L’Italia è vista in misura crescente come un mercato di vendita, più che come un luogo di produzione; come una nebbiosa palude amministrativa e un inferno di rapina fiscale, più che come un esempio moderno di legislazione snella e di rigorosi comportamenti antispreco; come una meta turistica, più che un’autentica fucina d’innovazione.
I problemi sono dunque reali (e vitali), e irridere chi ce li indica non è particolarmente utile.
Oltre tutto, è il caso di aver chiaro che larga parte del problema-competitività risiede nel quadro normativo e nelle amministrazioni centrali e periferiche dello Stato, cui dobbiamo far risalire buona parte della responsabilità di alcuni punteggi molto poco lusinghieri che il nostro Paese quest’anno si è meritato: dissipazione di risorse pubbliche, favoritismi nella loro allocazione, fisco onnivoro, legalità troppe volte ferita o elusa.
Il settore privato sembrerebbe cavarsela assai meglio, con alcune punte di eccellenza, tuttavia oscurate da giganteschi imbrogli che danneggiano l’immagine dell’Italia a livello planetario.

La centralità delle istituzioni e dell’amministrazione nel nodo-competitività è un aspetto particolarmente critico del problema, piuttosto difficile da affrontare per motivi culturali (la permanente sottovalutazione di ogni aspetto organizzativo, assai diffusa nel nostro Paese). Aspetto difficile da affrontare anche per motivi politici (l’ormai abituale riduzione a slogan di ogni dibattito su questi temi).
Il problema, però, deve essere affrontato a tutti i livelli in cui si presenta. Sul piano normativo, stupisce infatti osservare Paesi – come gli Stati Uniti o il Regno Unito – che hanno problemi di gran lunga minori dei nostri, ma dedicano risorse e attenzioni all’esame dell’efficienza delle norme e alla valutazione dei costi che esse impongono a imprese e cittadini. Seguendo il loro esempio, il nostro Parlamento dovrebbe condurre analisi periodiche sui costi delle nuove leggi che esso discute, e il Governo dovrebbe condurre annualmente analisi sull’impatto economico degli apparati normativi e regolamentari.
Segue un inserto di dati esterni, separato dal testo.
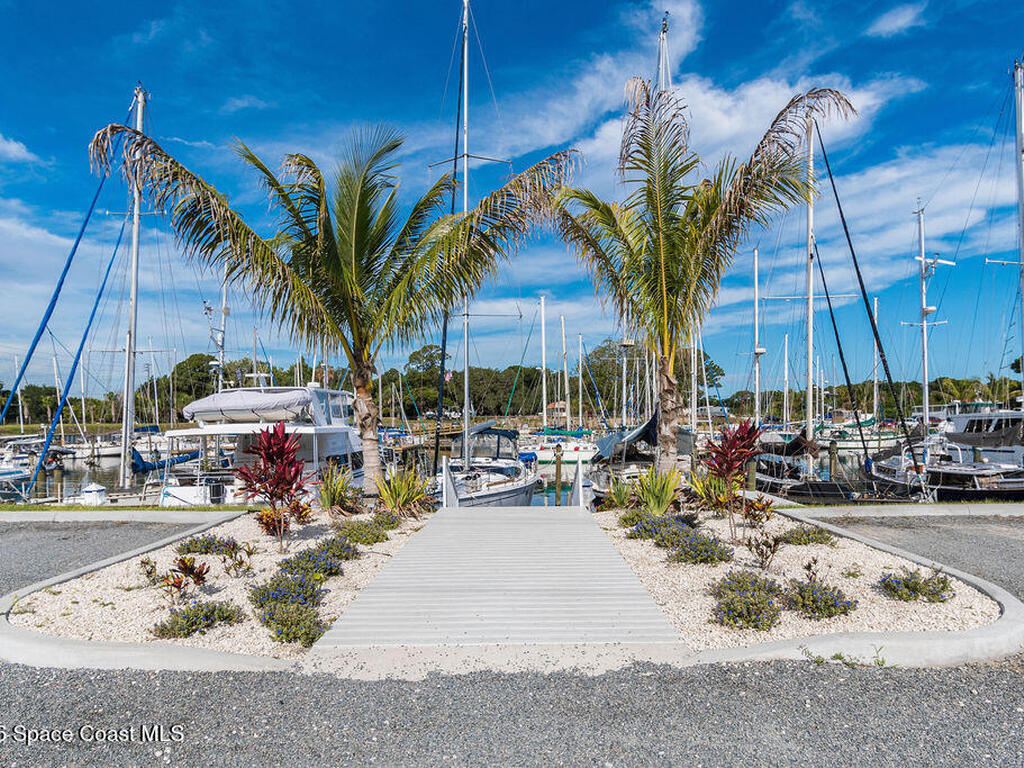 2709 Cutlass Point Lane, Merritt Island, FL 32953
Sul piano più strettamente amministrativo, sono probabilmente necessari interventi di ridisegno complessivo di procedure ormai forse automatizzate, ma il cui impianto risale agli anni Cinquanta e Sessanta.
E’ insomma necessario un colpo di reni nell’efficienza della macchina amministrativa: nessuno ne vuole parlare, e le notizie britanniche sulle riduzioni dei dipendenti delle pubbliche amministrazioni sono state da noi accolte con un silenzio assordante.
Parlarne però è necessario, in chiave operativa e a tutti i livelli, altrimenti il prossimo anno saremo ancora qui a commentare il nostro sorpasso ad opera di qualche altro, colorito ma più intraprendente, Paese in via di sviluppo.